RU2121914C1 - Grinding spindle assembly - Google Patents

Abstract

FIELD: machining of bodies of revolution by abrasive tool with axially shifted cutting layer, applicable in designing, manufacture and use of grinding, buffing, lapping and finishing machines and appliances. SUBSTANCE: grinding spindle assembly has shaft 3 installed in fixed poppet sleeve 1 on two radial supports 4 and 5, the distance between them is l, and abrasive wheel 6 with axially shifted cutting layer supported as a cantilever on the shaft on the side of front support 5 at an angle to the plane of rotation, and driven pulley on the other side. Besides, the shaft is furnished with support 7 oscillating synchronously to axially shifted cutting layer, support 7 is positioned at distance Xmax=0.42265l from front support 5' in the point of maximum deflection of shaft axis; the value of oscillation of support 7 is the distance between point Xmax and point Xmin of minimum deflection on the axis with maximum deflection nearest to front support 5. EFFECT: enhanced reliability, durability and quality of machined parts by decreasing alternating dynamic loads due to installation of an additional oscillating support operating in points of equal shaft deflection. 3 dwg

Description

 The invention relates to the processing of bodies of revolution by an abrasive tool with an axially offset cutting layer (APC) and can be used in the design, manufacture and operation of grinding, polishing, finishing and finishing machines and devices.

 The spindle of a high-speed grinding machine is known, made in the form of a rotor mounted in two bearing bearings, and driven into rotation by a pulley from an electric motor through a belt drive, in which one of the bearing bearings is made elastic and the other is articulated, a pulley is mounted above the latter so that the force belt tension passes through its center [1].

 The disadvantages of the known spindle are reduced service life, deterioration in grinding quality and increased vibration when using grinding wheels with an axially offset cutting layer, operating under conditions of a radial load cycling in the axial direction.

 Closest to the invention in technical essence is a spindle assembly of a grinding machine, comprising a fixed quill, a shaft mounted on bearings in the quill, and a driven pulley and an abrasive wheel fixed to the shaft from different sides on the shaft, while the shaft is equipped with a flywheel fixed to the console between the abrasive circle and support, and the center of mass of the flywheel is located in the plane of this support on the axis of rotation of the shaft [2].

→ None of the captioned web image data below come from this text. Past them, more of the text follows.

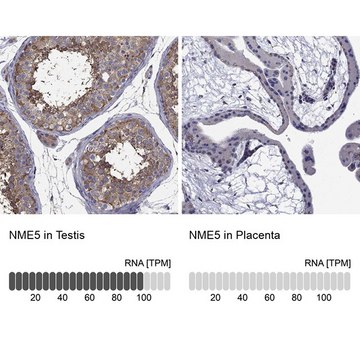 Anti-NME5 antibody produced in rabbit Prestige Antibodies&#174; Powered by Atlas Antibodies, affinity isolated antibody, buffered aqueous glycerol solution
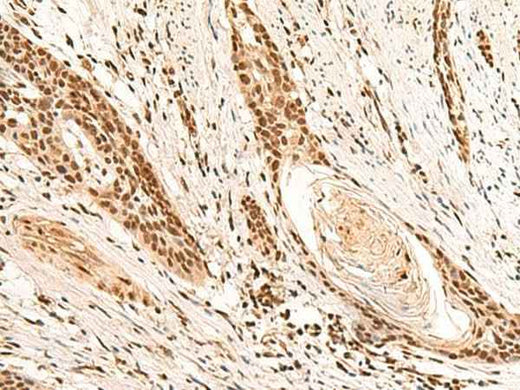 Anti-Human/Mouse RMND5B Antibody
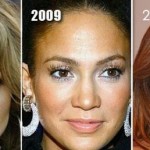 Jennifer Lopez before and after plastic surgery 07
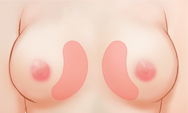 breast4 img1f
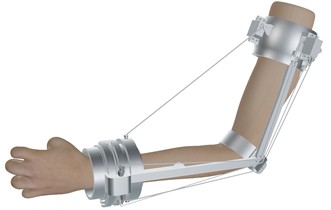 Design of a rehabilitation exoskeleton  for the elbow joint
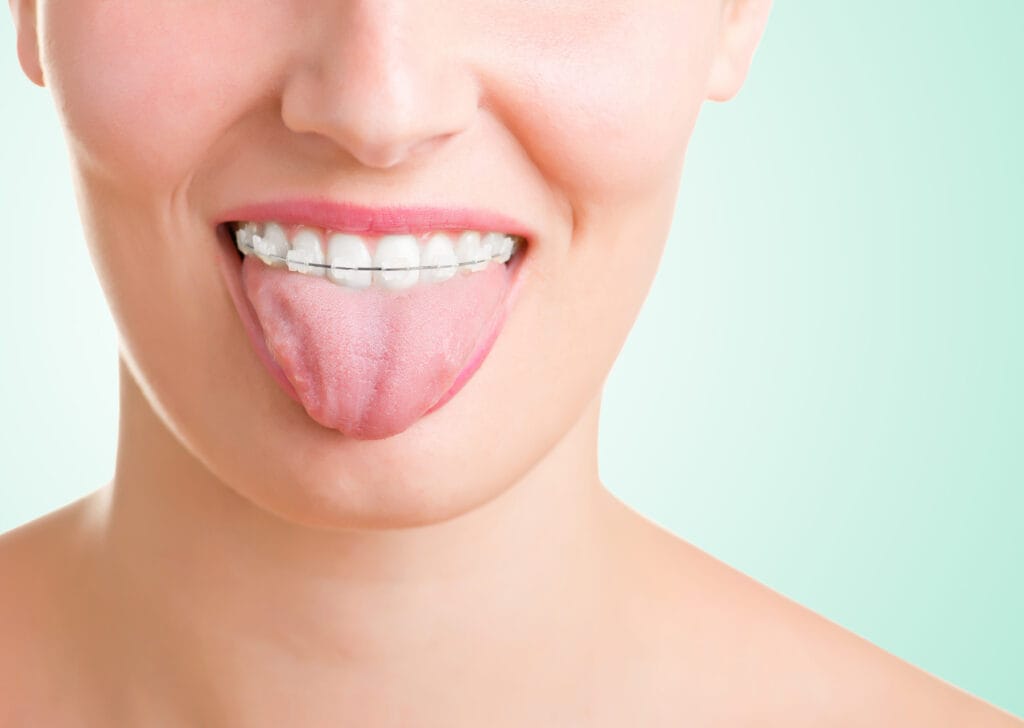 brackets de zafiro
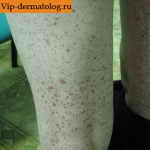 васкулит кожи аллергический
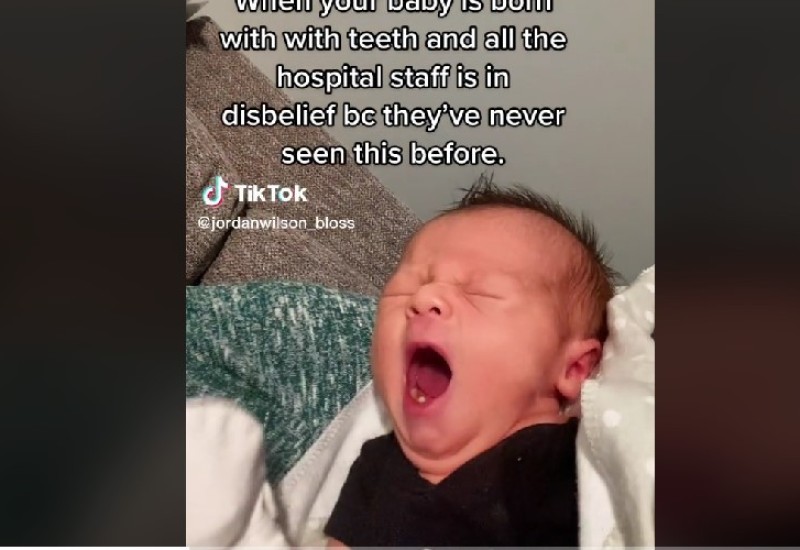 Beba rođena sa zubima, ljekari u nevjerici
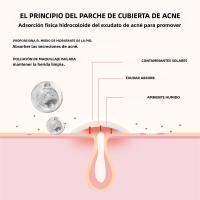 240Pcs Parches De Acné De Alta Gama Forma De Corazón Y Estrella Para Cubrir Erupciones Cutáneas Y Puntos Negros Parches Hidratantes Para El Rostro - details 3
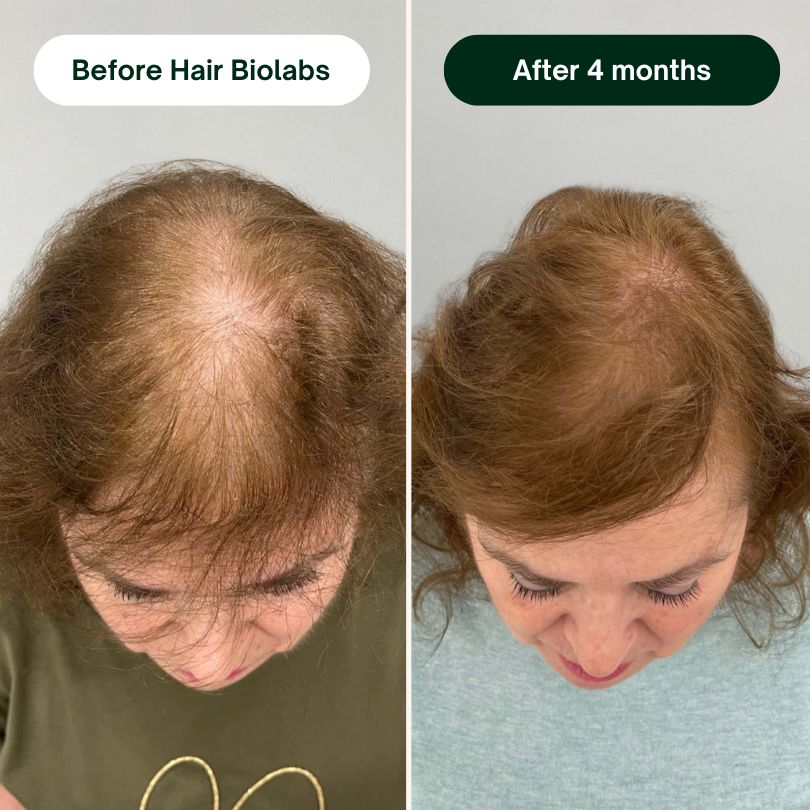 Hair Biolabs - Hair Regrowth System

 The disadvantages of the known site are also a decrease in reliability and durability, deterioration in the quality of the processed products by grinding wheels with an axially displaced cutting layer, operating under conditions of a radially dynamically unbalanced load cyclically moving in the axial direction, causing vibration.

 The objective of the invention is to increase reliability, durability and improve the quality of the processed products by reducing variable dynamic loads due to the installation of additional oscillating bearings, working in places of equal deflection of the shaft.

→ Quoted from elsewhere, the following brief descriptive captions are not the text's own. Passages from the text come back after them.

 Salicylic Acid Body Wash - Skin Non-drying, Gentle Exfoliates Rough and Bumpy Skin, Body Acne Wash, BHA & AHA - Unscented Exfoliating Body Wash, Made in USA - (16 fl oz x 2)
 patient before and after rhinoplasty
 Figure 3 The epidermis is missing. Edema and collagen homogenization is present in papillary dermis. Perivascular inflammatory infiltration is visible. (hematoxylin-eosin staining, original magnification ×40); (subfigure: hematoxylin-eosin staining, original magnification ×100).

The problem is solved through the use of a grinding spindle assembly containing a shaft mounted in a fixed quill on two radial bearings, the distance between which l, and mounted on the shaft from the front support at an angle to the plane of rotation with an axially offset cutting layer mounted cantileverly, and with on the other hand, the driven pulley, in addition, the shaft is equipped with a support oscillating synchronously to the axially displaced cutting layer of the circle, located at a distance of X _max = 0.42265 • l from the front support - at the maximum bending of the shaft axis, and the magnitude of the support oscillation is the distance between the points X _max and the point of minimum deflection closest to the front support on the axis with maximum deflection.

 In FIG. 1 shows a loading diagram of a cyclically acting cutting force and deflection of the shaft axis; in FIG. 2 - the proposed assembly, axial section; in FIG. 3 - oscillating support, made in the form of a ball bearing with axial displacement of the outer groove of the inner ring.

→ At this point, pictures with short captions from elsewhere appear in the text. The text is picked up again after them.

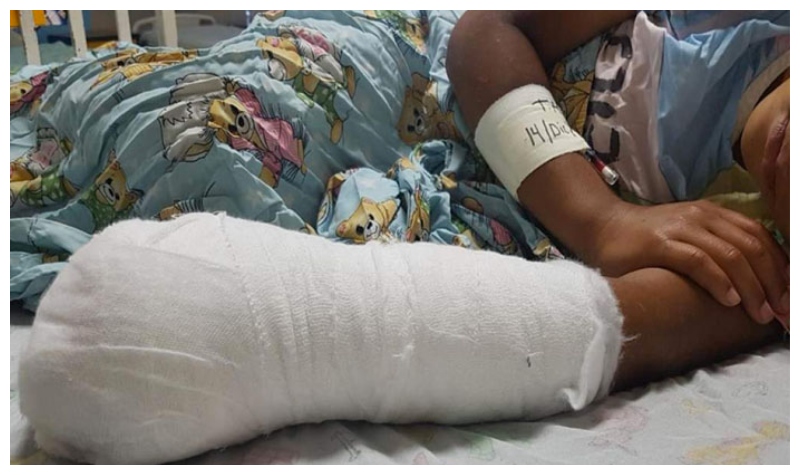 Menor de 6 años se convierte en la tercera víctima por quemaduras de pólvora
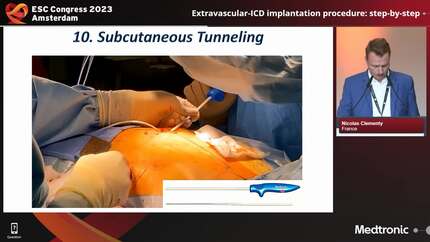 Presentation thumbnail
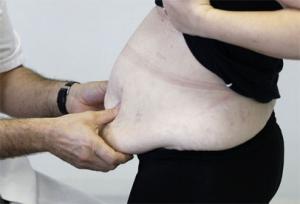 Nearly a third of adults are obese worldwide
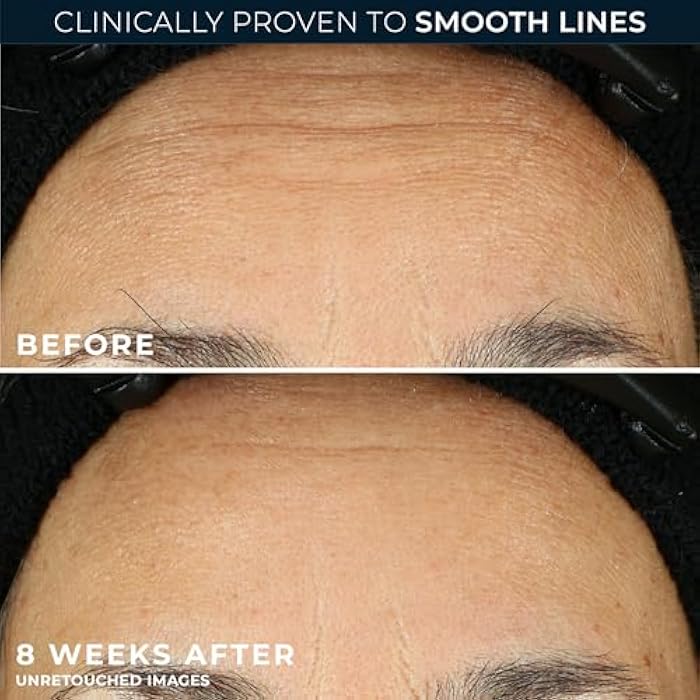 RoC Retinol Correxion Anti-Aging Wrinkle Night Serum, Retinol Serum for Face, Daily Treatment for Fine Lines, Post Acne Scars, 30 Capsules, Unscented, 0.35 Fl Oz - Image 4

 The grinding spindle assembly comprises a pinol 1, a driven pulley 2, a shaft 3 mounted on bearings 4 and 5, an abrasive wheel 6 mounted on the shaft 3 at an angle α to the plane of rotation, and an oscillating support 7.

In the cutting zone in contact with the workpiece 8 of the axially displaced cutting layer of the grinding wheel 6, a cutting force P _z arises that oscillates in the axial direction with an amplitude A _k . The distance C _i from the front support 5 to the place of action P _z will cyclically change
C _i = C _min + A _k / 2 - (D • tgα • sinωt) / 2,
Where
C _min - the minimum distance from the front support to the place of action of the cutting force P _z ;
D is the diameter of the circle;
ω is the angular frequency of rotation of the shaft;
t is time.

где
X - текущая координата;
B - модуль упругости материала вала;

осевой момент инерции сечения вала: I_x = πd⁴/64;
d - диаметр вала.In the front support 5, the reduced alternating moment will act
M ₅ = P _z • C _i = P _z [C _min + A _k / 2 - (D • tgα • sinωt) / 2],
causing variable deflection f _i with a rotation angle φ of the shaft axis, which are determined by known formulas

Where
X is the current coordinate;
B is the elastic modulus of the shaft material;

axial moment of inertia of the shaft section: I _x = πd ^4/64;
d is the diameter of the shaft.

l - расстояние между 4 и 5 опорами.

l is the distance between 4 and 5 supports.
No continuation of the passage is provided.